2953.花の仮想現実



花の仮想現実

みなさま、

三度目の天命反転住宅生活の中で、おもしろい体験をしましたので、ご報告しま
す。

得丸公明



現代という芸術 花の仮想現実

 仮想現実(VR)という言葉あるいは技術は、高速画像プロセッサによる画像を
使った戦闘機の操縦あるいは空中戦シミュレーション技術によって発展した。そ
のため、一般にVRとは、高速プロセッサによる高精度画像処理技術のような印象
を持たれるが、人間の意識の側からとらえなおして、「現実には存在していない
が、脳が現実と受け止める」ものを仮想現実として定義するのが一番わかりやす
いと思う。コンピュータ画像に限らず、騙し絵や、電話での俺々詐欺や、新聞・
テレビのヤラセ報道も、人がそれを現実と受け止めて反応する限り仮想現実とい
える。

 私は昨年秋以降、荒川修作が設計した三鷹天命反転住宅に、断続的に5週間ほ
ど滞在した。最初のうちは、できるだけ家の使用法にしたがって、このユニーク
な空間になじんで暮らすことだけで精一杯だった。最近すこしゆとりが生まれ、
5月20日から302号室で8泊宿泊をしたときは、友人を招いて酒盛りをしたり、2階
の202号室と行き来したりと、やっと普通に暮らせるようになった。そして、
「花の仮想現実」とでも呼ぶべき体験をした。

 ある朝、屋上庭園の花を見て部屋に戻ったときのこと、それまで単に鮮やかな
色としてしか目に入ってこなかったピンクや黄色や赤い天井や壁の色が、屋上の
花の色とまったく同じことに気付いたのだ。それまでいろいろと濃淡があるとし
か見えていなかった緑色も、それぞれが草の葉の色を反映していることがわかっ
た。

 ああ、この家の壁や天井は草花の色そのものだったのかという感慨が生まれ、
それから、部屋の中にいながらにして庭の中にいるような、屋上庭園や1階の庭
の草花が部屋にやってきて咲き誇っているような不思議な感覚が生まれてきたの
だった。

 この花の仮想現実感覚は家に来ていきなり生まれるものではないのかもしれな
い。

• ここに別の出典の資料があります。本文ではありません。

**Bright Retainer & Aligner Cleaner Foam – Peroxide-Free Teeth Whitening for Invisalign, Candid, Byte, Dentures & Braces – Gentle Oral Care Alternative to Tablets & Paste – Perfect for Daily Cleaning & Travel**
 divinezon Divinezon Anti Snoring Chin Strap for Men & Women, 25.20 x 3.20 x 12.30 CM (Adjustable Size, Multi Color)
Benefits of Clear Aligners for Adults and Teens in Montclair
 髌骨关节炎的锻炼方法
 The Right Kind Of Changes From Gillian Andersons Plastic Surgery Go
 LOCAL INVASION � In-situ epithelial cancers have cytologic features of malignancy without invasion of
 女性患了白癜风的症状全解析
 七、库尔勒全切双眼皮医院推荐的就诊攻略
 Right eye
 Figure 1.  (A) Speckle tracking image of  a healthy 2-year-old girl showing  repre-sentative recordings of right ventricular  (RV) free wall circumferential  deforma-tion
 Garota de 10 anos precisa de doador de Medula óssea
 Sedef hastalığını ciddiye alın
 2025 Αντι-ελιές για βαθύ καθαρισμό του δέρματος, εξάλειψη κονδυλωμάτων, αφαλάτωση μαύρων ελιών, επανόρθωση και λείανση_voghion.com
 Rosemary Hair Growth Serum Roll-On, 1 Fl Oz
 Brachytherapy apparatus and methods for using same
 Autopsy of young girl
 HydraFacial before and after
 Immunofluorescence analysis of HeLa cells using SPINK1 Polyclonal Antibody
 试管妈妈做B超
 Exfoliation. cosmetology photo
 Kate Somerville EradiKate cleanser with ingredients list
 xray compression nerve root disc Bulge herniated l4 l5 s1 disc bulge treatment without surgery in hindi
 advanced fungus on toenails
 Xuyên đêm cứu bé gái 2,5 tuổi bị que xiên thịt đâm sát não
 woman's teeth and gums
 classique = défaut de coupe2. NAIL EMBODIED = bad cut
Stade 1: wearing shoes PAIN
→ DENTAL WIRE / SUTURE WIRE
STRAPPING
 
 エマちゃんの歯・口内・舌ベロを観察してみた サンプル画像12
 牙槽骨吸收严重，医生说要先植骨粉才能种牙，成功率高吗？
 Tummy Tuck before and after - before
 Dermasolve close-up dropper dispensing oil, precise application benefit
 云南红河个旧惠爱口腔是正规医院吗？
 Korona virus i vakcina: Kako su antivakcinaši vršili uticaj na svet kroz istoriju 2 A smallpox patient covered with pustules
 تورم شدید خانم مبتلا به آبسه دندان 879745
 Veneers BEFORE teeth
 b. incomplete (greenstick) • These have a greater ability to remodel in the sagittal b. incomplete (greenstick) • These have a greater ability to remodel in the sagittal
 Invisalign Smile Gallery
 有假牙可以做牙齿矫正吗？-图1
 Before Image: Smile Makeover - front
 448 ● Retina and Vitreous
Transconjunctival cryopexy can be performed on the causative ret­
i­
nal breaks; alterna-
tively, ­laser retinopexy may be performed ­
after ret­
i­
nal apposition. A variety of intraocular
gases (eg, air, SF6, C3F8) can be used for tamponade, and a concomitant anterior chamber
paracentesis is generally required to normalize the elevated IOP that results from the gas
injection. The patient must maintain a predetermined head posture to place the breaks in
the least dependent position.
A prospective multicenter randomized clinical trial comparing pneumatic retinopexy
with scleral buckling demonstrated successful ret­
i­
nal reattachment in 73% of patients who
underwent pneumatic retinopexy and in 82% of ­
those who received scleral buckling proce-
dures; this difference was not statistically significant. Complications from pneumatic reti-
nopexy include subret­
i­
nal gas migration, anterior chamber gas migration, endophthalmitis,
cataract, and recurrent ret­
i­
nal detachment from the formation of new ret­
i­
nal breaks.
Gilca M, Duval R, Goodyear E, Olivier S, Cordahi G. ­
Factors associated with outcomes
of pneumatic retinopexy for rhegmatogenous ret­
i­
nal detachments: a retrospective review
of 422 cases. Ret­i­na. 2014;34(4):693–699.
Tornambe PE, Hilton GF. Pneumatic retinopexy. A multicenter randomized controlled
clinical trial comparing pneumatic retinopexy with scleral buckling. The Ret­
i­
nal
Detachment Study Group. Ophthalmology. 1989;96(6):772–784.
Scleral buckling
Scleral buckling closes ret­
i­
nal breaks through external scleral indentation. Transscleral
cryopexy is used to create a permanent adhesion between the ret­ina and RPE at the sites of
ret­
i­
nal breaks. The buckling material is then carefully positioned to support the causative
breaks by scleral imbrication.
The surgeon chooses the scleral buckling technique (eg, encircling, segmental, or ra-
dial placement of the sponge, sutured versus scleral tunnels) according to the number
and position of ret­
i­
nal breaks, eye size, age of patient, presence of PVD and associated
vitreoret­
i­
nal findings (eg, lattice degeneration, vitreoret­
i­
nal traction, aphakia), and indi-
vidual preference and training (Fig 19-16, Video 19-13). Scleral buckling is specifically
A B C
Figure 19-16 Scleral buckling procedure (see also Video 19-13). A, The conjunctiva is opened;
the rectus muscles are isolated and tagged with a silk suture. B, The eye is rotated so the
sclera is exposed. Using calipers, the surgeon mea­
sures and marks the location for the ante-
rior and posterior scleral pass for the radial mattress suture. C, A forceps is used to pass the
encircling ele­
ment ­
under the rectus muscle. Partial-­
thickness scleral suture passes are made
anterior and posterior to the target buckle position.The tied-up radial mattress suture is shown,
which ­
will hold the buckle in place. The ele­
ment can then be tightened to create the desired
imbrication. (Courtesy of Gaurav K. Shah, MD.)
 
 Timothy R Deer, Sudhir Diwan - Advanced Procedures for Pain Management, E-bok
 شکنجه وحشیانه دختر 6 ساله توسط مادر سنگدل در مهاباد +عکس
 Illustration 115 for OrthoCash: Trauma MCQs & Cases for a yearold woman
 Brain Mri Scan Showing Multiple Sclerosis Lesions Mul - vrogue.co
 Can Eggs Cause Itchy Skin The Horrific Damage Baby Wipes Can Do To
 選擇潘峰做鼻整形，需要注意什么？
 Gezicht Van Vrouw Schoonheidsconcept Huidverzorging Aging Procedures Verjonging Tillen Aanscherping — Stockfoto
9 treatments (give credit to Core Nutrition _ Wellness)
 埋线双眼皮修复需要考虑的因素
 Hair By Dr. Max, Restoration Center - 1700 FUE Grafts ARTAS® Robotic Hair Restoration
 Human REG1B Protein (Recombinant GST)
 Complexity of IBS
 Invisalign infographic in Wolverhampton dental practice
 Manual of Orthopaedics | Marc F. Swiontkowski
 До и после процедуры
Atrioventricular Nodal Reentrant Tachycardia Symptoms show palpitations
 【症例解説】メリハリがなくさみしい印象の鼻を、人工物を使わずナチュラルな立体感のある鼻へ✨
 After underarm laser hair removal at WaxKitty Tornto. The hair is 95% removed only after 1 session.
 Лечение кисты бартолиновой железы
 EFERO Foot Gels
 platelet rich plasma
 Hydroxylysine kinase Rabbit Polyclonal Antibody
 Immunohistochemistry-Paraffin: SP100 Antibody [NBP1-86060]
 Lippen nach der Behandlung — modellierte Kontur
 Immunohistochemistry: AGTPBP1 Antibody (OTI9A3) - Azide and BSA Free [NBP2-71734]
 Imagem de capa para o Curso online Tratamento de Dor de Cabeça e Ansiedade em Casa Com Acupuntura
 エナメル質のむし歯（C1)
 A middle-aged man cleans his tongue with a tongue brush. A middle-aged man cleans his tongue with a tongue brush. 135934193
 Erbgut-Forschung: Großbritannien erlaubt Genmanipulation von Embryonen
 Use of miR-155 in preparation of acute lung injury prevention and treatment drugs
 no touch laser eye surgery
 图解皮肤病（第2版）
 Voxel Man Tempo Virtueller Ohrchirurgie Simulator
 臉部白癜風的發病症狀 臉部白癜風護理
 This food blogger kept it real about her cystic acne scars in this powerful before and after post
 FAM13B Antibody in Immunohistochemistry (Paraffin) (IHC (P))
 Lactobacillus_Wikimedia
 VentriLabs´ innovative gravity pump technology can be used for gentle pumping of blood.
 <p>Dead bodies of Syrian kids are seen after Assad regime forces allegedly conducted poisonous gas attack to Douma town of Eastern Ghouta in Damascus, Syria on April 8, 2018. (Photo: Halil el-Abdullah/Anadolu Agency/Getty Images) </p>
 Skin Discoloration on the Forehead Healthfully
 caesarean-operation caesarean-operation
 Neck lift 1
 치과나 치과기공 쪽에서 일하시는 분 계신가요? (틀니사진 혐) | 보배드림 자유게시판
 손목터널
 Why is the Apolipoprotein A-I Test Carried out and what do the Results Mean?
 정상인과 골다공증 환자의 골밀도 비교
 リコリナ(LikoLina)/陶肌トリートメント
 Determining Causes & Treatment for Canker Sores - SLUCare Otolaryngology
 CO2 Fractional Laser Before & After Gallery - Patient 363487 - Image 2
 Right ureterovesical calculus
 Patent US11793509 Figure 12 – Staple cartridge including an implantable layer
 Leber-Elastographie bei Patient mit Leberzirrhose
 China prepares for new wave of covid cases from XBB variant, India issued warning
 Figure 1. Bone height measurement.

約5週間使用法にしたがって、私と家、私と庭とがそれぞれ交わって、その
結果生まれてきた現象である。マニュアルの指示にしたがって目ざしたものでは
なく、なんら期待せず自然な体の動きの結果として生まれた自発現象である。お
そらく一度この感覚を獲得すれば、花の季節が終っても、室内の花畑は続くもの
と期待される。

 この家に住むと、朝目が覚めてから夜寝るまでの間、不思議な幸福感、充足感
に包まれる。極端な話、おなかもあまりすかない。その理由についてこれまで深
く考えたことはなかったが、とくに朝だんだんと空が明るくなって、部屋の中の
天井や壁が色を持ち始めるときに感じる幸福感は、この花の仮想現実からもたら
されていたのかもしれない。

 これから人類は環境危機や戦争や自然災害によって、受難の時代を迎えること
になるだろう。そのとき、天命反転住宅のように、花畑の仮想現実の中で生きる
ことができたら、それだけできっと幸福な日々を生きることができるだろう。